If Wal-Mart and other retailers don’t also adjust pay for veteran hourly workers, they could face rising dissent, said David Cooper, an economic analyst at the Economic Policy Institute. Typically, when employers boost their base pay, they also give raises to those making within $1 to $2 of the new minimum to preserve a type of wage hierarchy and keep their longer-time workers happy, studies show.
"Companies want to preserve some type of internal wage ladder, so to do that they have to adjust wages of folks above the new minimum," Cooper said. If Wal-Mart doesn’t raise wages for these workers, "folks are going to leave or start complaining more vocally," he said.

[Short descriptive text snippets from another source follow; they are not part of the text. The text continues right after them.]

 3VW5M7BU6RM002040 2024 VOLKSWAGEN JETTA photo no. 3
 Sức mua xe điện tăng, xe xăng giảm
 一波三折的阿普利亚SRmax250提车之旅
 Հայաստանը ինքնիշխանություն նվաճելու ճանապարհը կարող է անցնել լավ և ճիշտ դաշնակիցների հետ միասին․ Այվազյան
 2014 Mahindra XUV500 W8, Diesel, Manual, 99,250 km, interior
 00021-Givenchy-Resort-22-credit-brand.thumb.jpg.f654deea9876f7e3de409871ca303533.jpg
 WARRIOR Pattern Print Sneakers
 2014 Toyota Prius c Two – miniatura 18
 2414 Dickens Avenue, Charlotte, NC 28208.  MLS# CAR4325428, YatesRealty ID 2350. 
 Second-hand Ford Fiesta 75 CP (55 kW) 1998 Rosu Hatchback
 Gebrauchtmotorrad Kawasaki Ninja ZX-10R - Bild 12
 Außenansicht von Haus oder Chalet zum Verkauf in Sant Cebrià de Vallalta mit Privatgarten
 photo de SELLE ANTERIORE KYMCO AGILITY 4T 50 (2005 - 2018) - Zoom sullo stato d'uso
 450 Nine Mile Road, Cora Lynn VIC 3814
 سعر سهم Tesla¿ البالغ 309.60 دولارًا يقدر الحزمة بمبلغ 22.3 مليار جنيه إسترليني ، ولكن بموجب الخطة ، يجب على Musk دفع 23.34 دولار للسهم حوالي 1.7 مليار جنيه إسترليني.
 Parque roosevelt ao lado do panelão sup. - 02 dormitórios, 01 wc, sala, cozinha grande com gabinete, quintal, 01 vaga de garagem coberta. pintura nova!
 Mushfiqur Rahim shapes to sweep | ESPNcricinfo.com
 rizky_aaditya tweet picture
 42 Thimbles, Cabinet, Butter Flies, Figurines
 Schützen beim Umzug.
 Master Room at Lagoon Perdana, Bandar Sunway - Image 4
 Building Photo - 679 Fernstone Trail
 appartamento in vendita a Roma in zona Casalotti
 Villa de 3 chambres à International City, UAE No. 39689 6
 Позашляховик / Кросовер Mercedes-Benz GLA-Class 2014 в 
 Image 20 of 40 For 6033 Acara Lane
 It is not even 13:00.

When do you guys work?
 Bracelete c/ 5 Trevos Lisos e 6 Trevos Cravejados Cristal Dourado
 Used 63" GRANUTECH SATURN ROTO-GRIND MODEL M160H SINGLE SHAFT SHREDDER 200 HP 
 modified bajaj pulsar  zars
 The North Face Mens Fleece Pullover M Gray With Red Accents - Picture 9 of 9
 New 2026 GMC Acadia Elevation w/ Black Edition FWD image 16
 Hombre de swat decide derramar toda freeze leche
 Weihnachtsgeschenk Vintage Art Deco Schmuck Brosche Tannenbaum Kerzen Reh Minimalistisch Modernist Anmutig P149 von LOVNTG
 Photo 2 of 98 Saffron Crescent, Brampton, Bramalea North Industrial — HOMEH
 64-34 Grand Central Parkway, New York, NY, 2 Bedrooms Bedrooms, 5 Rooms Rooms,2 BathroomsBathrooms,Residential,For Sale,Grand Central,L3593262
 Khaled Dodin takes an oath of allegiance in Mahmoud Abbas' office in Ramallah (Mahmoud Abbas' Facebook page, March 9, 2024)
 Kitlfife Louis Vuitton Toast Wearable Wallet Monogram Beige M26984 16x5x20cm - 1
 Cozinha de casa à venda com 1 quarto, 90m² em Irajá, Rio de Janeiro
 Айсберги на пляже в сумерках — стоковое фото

Of course raising wages for those "around" the new minimum (i.e. preserving the wage hierarchy) will cost money - a lot of it. "Giving additional raises to employees already making close to the new minimum wage would cost Wal-Mart about $400 million," one researcher at UMass Amherst told Bloomberg.
So ultimately, raising the minimum for the lowest paid Wal-Mart workers to just $9/hour will end up costing around $1.5 billion if you include the additional raises the company will have to give to higher paid employees in order to retain their "talents" and avoid a mid-level management mutiny.
At the end of the day, it all comes back to one simple thing: this money has to come from somewhere, and since this is one instance where rising labor costs absolutely can't be passed on to customers, it will need to be extracted elsewhere. Many workers clearly understand this: "...workers also said they suspect their hours are being cut and annual raises reduced to cover the cost of the wage increase for newer workers."
Their suspicions would be correct. It's economics 101. It's also common sense. We'll give the last word to forklift operator Sal Fuentes:
"They give you some but they are taking away something else. It has always been like that."